Men are more likely to have heart attacks, according to The American Heart Association, but about 435,000 women in the U.S. have heart attacks every year. If you're a millennial woman like me, a heart attack may sound like something more likely to affect your parents or grandparents, but we're still susceptible. Young women are at a higher risk for heart attacks if they don't exercise regularly, according to TODAY. The risk is also higher if you're Black, Native American, Mexican-American, or native Hawaiian, or if you have a parent with heart disease, according to the American Heart Association.

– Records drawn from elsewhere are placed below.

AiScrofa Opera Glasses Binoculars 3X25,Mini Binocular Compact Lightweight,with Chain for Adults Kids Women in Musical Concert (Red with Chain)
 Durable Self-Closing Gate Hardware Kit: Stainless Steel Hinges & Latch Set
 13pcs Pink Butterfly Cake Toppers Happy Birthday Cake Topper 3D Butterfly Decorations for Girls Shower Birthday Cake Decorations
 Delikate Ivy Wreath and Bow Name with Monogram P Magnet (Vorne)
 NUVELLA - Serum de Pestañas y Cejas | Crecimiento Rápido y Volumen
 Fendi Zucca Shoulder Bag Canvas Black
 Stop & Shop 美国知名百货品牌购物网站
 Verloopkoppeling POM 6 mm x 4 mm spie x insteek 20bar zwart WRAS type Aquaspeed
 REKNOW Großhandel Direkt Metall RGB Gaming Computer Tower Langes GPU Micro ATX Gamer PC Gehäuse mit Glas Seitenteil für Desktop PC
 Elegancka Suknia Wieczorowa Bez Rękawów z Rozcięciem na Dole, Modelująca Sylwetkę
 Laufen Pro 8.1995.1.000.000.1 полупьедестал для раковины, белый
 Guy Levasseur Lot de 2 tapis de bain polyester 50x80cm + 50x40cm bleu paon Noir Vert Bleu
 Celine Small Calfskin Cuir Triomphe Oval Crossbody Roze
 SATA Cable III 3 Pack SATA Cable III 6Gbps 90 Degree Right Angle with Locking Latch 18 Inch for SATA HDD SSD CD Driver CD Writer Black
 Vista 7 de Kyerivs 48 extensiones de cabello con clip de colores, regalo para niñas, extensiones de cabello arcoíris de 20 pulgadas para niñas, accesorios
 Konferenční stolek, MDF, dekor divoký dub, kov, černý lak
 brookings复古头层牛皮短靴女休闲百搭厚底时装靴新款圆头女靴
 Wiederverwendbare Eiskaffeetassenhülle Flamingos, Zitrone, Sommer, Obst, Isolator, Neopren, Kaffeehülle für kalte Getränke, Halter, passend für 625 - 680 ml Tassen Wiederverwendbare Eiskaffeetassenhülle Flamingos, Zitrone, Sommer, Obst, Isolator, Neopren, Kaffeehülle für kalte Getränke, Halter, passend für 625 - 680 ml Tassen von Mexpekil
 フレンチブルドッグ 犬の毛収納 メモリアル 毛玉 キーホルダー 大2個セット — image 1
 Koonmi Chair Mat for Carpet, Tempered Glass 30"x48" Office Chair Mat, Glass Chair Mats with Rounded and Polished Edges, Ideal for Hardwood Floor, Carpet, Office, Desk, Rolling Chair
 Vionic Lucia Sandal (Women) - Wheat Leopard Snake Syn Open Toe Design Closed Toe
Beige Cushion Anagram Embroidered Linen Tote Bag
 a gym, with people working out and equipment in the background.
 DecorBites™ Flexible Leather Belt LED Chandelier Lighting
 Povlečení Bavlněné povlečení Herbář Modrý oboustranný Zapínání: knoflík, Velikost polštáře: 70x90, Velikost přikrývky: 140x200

Young women are also frequently diagnosed with spontaneous coronary artery dissection, commonly called SCAD. SCAD begins when there's a tear in an artery, which blocks blood flow to the heart and leads to a heart attack, according to WebMD. The condition almost exclusively affects women, and it causes 40 percent of heart attacks in women under 50. It's important to recognize the early signs of a heart attack so you get treatment as soon as you can. If you feel chest pain or tightness, shortness of breath, back or jaw pain and dizziness, it could be a sign that you need to get to a hospital ASAP, per WebMD. Because heart attacks are often deadly, you have to take the symptoms seriously and move quickly.

Even though the chances of a young person developing a heart attack after getting the flu are low, you should still do everything you can to avoid the illness. The CDC says to get a flu shot, wash your hands often and avoid spending time with people who have the flu. In Kwong's NPR interview, he echoed the CDC's recommendations. "If we can reduce the risk of influenza infection, then we should reduce the risk of heart attacks," he told the news organization. Now that we know that influenza and heart attacks are linked, getting a flu shot and taking preventative measures is even more relevant. You may not experience any serious flu complications, but if you expose an older person to the illness, they could be in danger. If you've been putting off your flu shot, now's the time to get it. It could save a life.